In (the above general formula _(1), R 1, _{R 2} and _{R 3} are each an alkyl group, an alkoxy group, hydroxy group, morpholino group, selected from an aryl group or a substituted group. Further, _{R 2} and _{R 3} are each (R ₄ may represent a substituent selected from a hydrogen atom, a hydroxy group, an amino group, an ether group, a thioether group, and an alkyl group.) The matrix compound for mass spectrometry according to claim 1 or 2, wherein the matrix compound is a compound selected from the following structural formula group.
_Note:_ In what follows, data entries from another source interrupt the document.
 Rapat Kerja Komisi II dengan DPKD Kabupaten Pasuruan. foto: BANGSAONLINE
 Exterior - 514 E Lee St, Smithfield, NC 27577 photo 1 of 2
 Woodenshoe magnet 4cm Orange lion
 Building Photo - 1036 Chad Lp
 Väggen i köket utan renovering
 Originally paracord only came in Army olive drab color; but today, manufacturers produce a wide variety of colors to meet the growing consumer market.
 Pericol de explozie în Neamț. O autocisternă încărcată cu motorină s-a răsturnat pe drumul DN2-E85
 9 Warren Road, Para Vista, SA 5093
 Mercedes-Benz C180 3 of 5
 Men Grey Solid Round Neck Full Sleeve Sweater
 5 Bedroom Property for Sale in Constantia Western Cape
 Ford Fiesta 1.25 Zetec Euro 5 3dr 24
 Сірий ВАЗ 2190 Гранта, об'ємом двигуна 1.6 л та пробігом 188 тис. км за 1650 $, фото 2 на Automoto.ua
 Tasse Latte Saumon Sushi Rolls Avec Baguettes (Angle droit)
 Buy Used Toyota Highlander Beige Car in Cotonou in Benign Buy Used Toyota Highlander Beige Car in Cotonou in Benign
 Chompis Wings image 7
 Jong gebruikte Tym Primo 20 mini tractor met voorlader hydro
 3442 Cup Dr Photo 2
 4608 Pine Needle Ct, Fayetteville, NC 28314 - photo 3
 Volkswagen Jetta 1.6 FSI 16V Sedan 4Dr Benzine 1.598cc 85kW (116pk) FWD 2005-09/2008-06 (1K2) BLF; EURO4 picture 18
  In a substrate for mass spectrometry, a compound having a mass number of less than 160 by irradiation laser light provided with a microporous film or a mesoporous film on a metal or semiconductor substrate, further supporting a matrix compound in the micropore or mesopore. A mass spectrometric substrate characterized by selectively generating only outside the pores.   The substrate for mass spectrometry according to claim 5, wherein the mass number of the compound selectively generated outside the micropores or the mesopores is less than 50. The substrate for mass spectrometry according to claim 5 or 6, wherein the matrix compound has a structure represented by the following general formula (1).

In (the above general formula _(1), R 1, _{R 2} and _{R 3} are each an alkyl group, an alkoxy group, hydroxy group, morpholino group, selected from an aryl group or a substituted group. Further, _{R 2} and _{R 3} are each (R ₄ may represent a substituent selected from a hydrogen atom, a hydroxy group, an amino group, an ether group, a thioether group, and an alkyl group.) The substrate for mass spectrometry according to claim 5 or 6, wherein the matrix compound is a compound selected from the following structural formula group.
  The substrate for mass spectrometry according to any one of claims 5 to 8, wherein the substrate for mass spectrometry has absorption with respect to an irradiation laser.   The substrate for mass spectrometry according to any one of claims 5 to 9, wherein the substrate for mass spectrometry has at least one diffraction peak in an angle region corresponding to a structural periodicity of 1 nm or more in X-ray diffraction measurement.   A matrix-assisted laser desorption / ionization mass spectrometer, wherein the mass spectrometer substrate according to any one of claims 5 to 10 is mounted.